We just recently moved to St. Augustine, FL with an employer change that has brought my family 600+ miles away from the home my wife and I had known for 25 years.  While exploring our new home, we found that we have a Karate dojo right around the corner from where we live.  I poked my head in to learn some more about the school.  This particular dojo teaches a style called "Tong Hop Moo Sool" which I had never heard of before.  The school teaches a mixture of Hapkido, Tae Kwon Do, Shotokan, Judo, and Shorin-Ryu.  The part that I really liked is that is also Christian focused as well.  You know that feeling when you found a school of martial arts that you really like and you feel really good about the teaching staff?  That feeling that says "I want to learn here!" at this school?  Yep, my wife and I both had that feeling. 

We signed our son up after he tried it out a few times.  I, too, have signed up for classes as well.  My wife has to wait a little while longer until her arm heals unfortunately, but she'll be signing up eventually as well.  

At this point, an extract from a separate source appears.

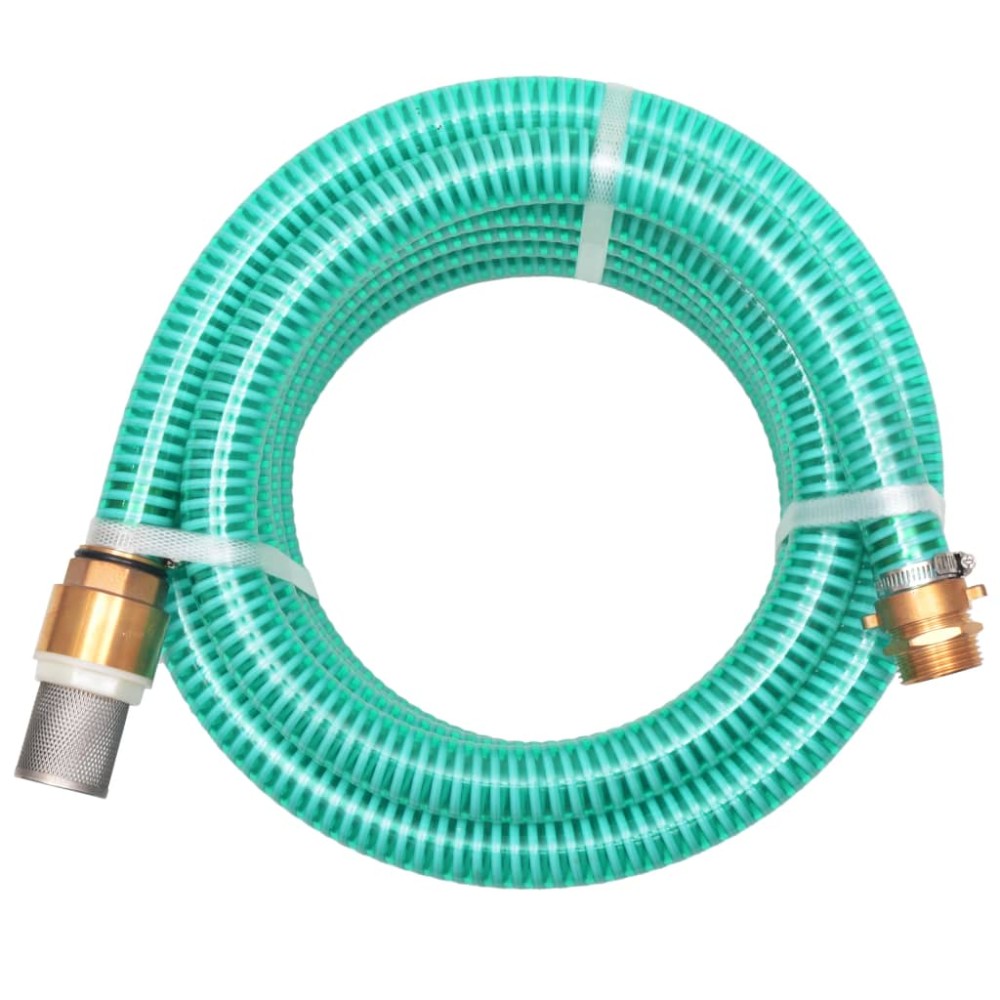vidaXL Furtun de aspirație, conectori de alamă, 7 m,  25 mm, verde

I look forward to learning new things and I'll be poking my head in a little more often now.

Hope everyone has a great day.


----------



## Brian King (Feb 2, 2013)

It is great to find "that place" that fits just right. Congratulations on starting your families journey. A lucky young man to have both parents into training with him. A great opportunity for dad to take leadership and provide a positive environment for the whole family. 

Good luck.
Warmest Regards
Brian King


----------



## arnisador (Feb 2, 2013)

That's quite a mix of arts there! Good luck with it!


----------



## seasoned (Feb 2, 2013)

Jason, we're glad you found your way back to this site. It's awesome that you and your wife have decided to train as a family. The rewards of companionship and sharing experiences and milestones will stay with all of you for many many years. Please stop by and keep us informed of your progress.


----------



## jacefox (Feb 5, 2013)

Thanks everyone.


----------



## WaterGal (Feb 6, 2013)

Good luck in your martial arts training!  It's great to find a place that feels like a good community.

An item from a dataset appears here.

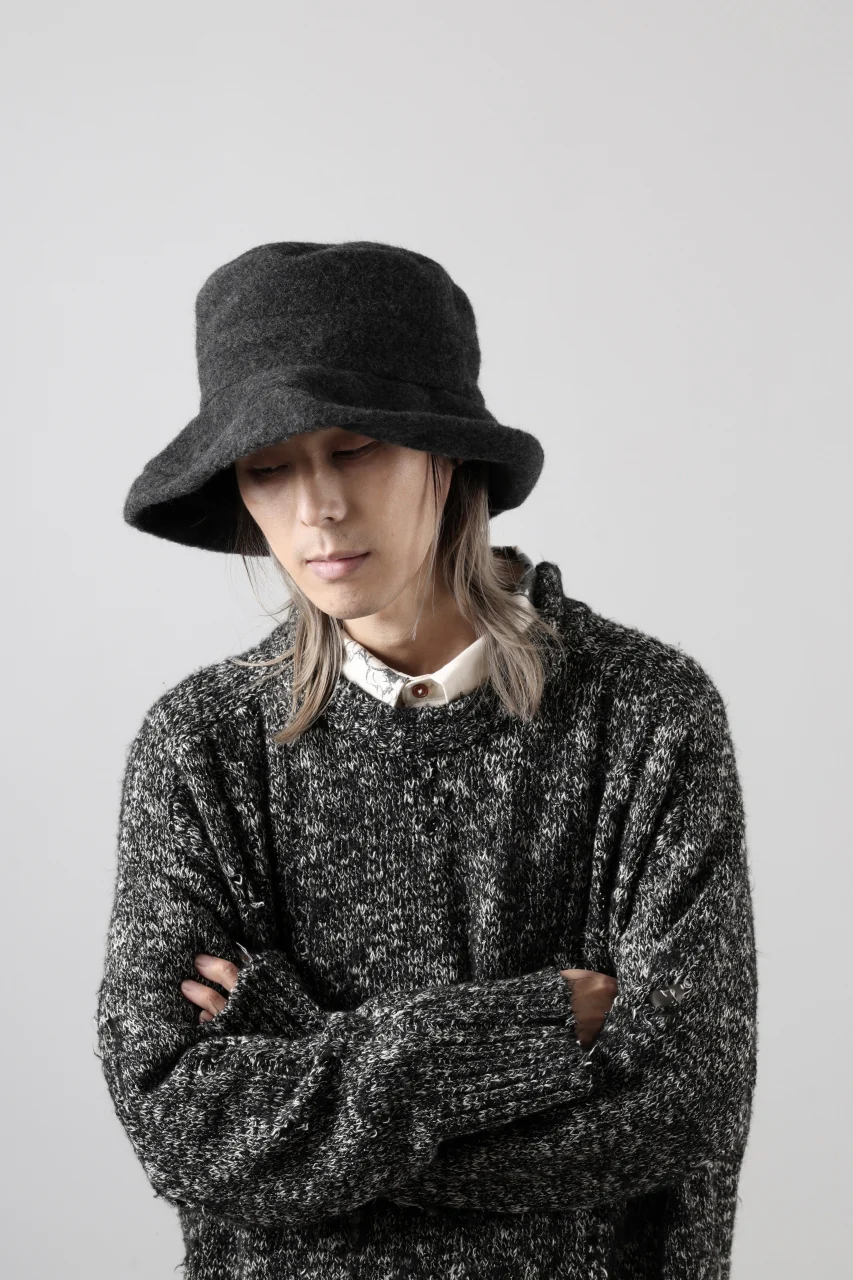 KLASICA CURVE BRIM VOLUME HAT / WOOL x ALPACA PILE (REVERSE PUFF) - Image 4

I am curious, though, what "Christian focused" means when it comes to martial arts training?  That's a new one to me.


----------



## jacefox (Feb 8, 2013)

Hi WaterGal,

This particular school's sensei incorporates the 10 commandments and prayer into the daily practice. We also discuss current events in the classes as well. He has us thinking as well as practicing forms.  

Hope that helps.


----------



## Forzavilla (Feb 9, 2013)

Like others have already said' it's great when you finally find "your place"

I've been on a similar journey during the last 2 years or so,Muay Thai,Kickboxing,Kung Fu,but finally thank goodness I have found my "art" that suits everything I set out to find when I started martial arts

That style ?

Japanese Ju Jutsu !


----------



## jacefox (Feb 9, 2013)

Hi Forzavilla,

Congratulations and good luck in your journey.  I'm looking forward to my journey.

Jason


----------



## WaterGal (Feb 13, 2013)

jacefox said:


> Hi WaterGal,
> 
> This particular school's sensei incorporates the 10 commandments and prayer into the daily practice. We also discuss current events in the classes as well. He has us thinking as well as practicing forms.
> 
> Hope that helps.



Ahh, okay.  That's interesting.  I'm used to there being a sort of vague non-specific "Eastern" spirituality about martial arts, like with meditation and qi and all that, but prayer can be a kind of meditation too.  

I will say, though, and this is just me, but one of the things that I really love about martial arts is how much of a melting pot it all is.  You can meet and make friends with people of all different backgrounds, ages, races, religions, cultures, political beliefs, incomes, values, whatever. I feel like being a specifically Christian martial arts school might cut into that?  But maybe not - obviously, I've never been to that school.  And that might not even be something that's important to you anyway.  Could just be my East Coast big city upbringing, lol.

Anyway, the most important thing is that your family feels comfortable there and the training is challenging and fun and helpful, and it sounds like it's working for you guys, so that's good.


----------